* TRY IT
Where a line in the entries below contains the word "which", it counts; give the total by itself.

* DATA TO USE

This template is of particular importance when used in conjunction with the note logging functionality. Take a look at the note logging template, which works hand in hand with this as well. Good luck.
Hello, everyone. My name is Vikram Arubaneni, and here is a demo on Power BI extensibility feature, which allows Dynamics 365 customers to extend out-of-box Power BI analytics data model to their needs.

--

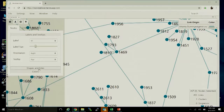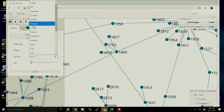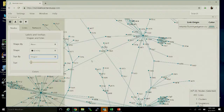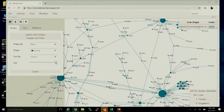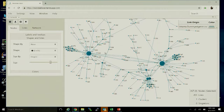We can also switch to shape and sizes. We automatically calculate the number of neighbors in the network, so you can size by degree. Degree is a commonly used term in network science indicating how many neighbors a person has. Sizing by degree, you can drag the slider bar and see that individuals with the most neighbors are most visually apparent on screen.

* * *

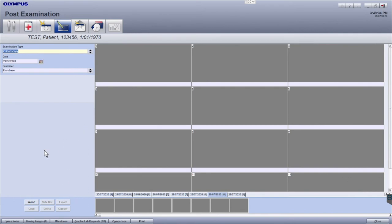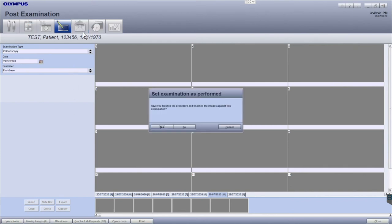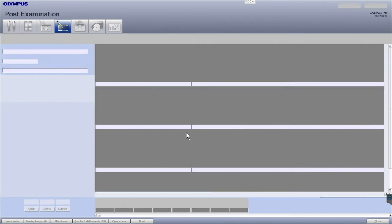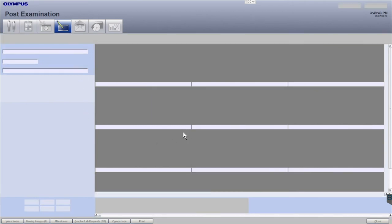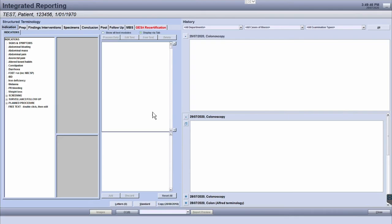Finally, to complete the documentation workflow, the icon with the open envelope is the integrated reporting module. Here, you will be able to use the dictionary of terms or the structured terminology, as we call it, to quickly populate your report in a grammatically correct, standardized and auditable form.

* ANSWER BELOW
2